BERLIN – German Chancellor Gerhard Schroeder is to quietly press Washington to scrap its shutout of French, German and Russian companies from Iraq reconstruction contracts.

“I hope it does not stay that way,” he told an interviewer on national ARD television news. It would be difficult to explain to the German public why Germany was providing humanitarian and civilian aid to Iraq while German companies were being treated this way.

“That can’t be right,” said Schroeder, adding that he had agreed with US President George W. Bush at their last meeting in New York to let bygones be bygones with respect to Iraq.

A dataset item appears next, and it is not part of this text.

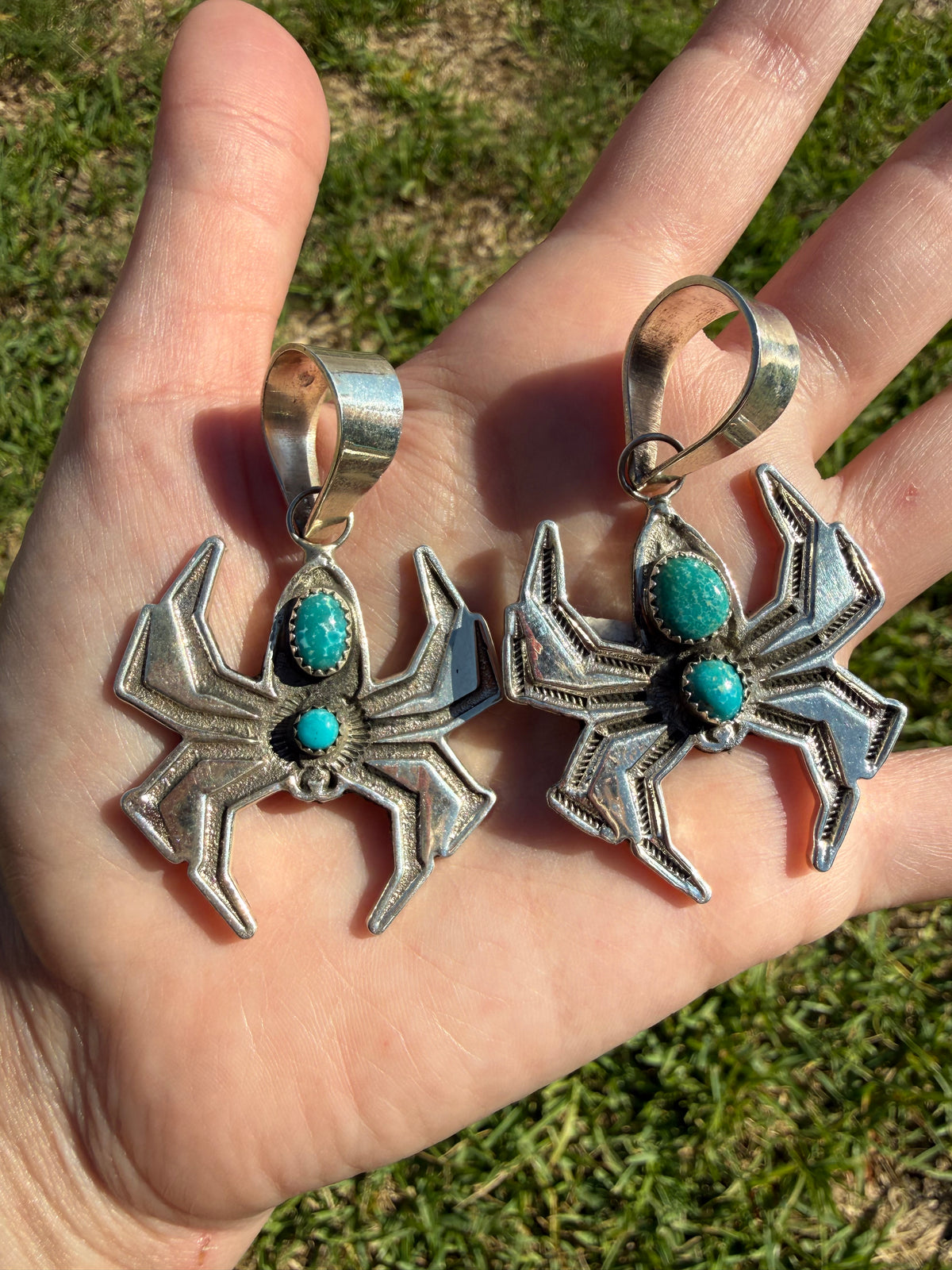 Navajo Spider Double Turquoise Stone Sterling Silver Pendant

The behaviour of US Deputy Defence Secretary Paul Wolfowitz, who issued the directive favouring 63 US allies for the contracts, was “backward looking”, the chancellor said.

He added that he did not want to “dramatise” the issue. Instead, he would raise it with Bush special envoy James Baker who visits Berlin next week and discuss it calmly with him.

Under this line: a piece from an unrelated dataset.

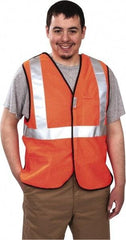 PRO-SAFE - Size L High Visibility Orange Mesh Breakaway Vest - 39 to 43" Chest, ANSI 107-2004, Hook & Loop Closure, 2 Pockets, Polyester - Industrial Tool & Supply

Visiting UN Secretary General Kofi Annan joined Schroeder on Thursday to criticize the US shutout.

“I find this unfortunate,” Annan said of the decision.

At his side, Schroeder said the reconstruction of Iraq was “everybody’s business” and it made little sense to discuss who could take part and who not.

Annan added that in the current phase it was important to seek commonality rather than be divisive. He hoped the United States would think again about the decision.

Schroeder added that his assessment of future moves on Iraq was “identical” with Annan’s. It was important to establish stable and democratic conditions in the war-damaged nation as fast as possible.

Annan added that the United Nations was willing to help in arranging elections, but whether it did so depended on the response from the US authorities in Iraq and the provisional governing council.

Germans across the political spectrum have been outraged at the exclusion of German companies from the huge reconstruction projects.

Christian Schmidt, a defence specialist with the opposition Christian Social Union (CSU), termed Wolfowitz a “forest demon” for the ordinance, telling a newspaper, the Leipziger Volkszeitung, that the move was not that of someone who wanted NATO or the West as a whole to engage in Iraq.

However, a leading German expert on world trade voiced doubt Thursday about whether the US move actually breached international law.

Dean Spinanger of the Institute for the World Economy (IfW) in Kiel, northern Germany, said he saw practically no way of the World Trade Organization (WTO) coming to the aid of countries like Germany.

“Iraq is not a WTO member, so in my view the rules (on fair tendering) do not apply in this case,” he said.

Only if Iraq were to be considered sovereign US territory because it was under US military control would the world trade rules apply.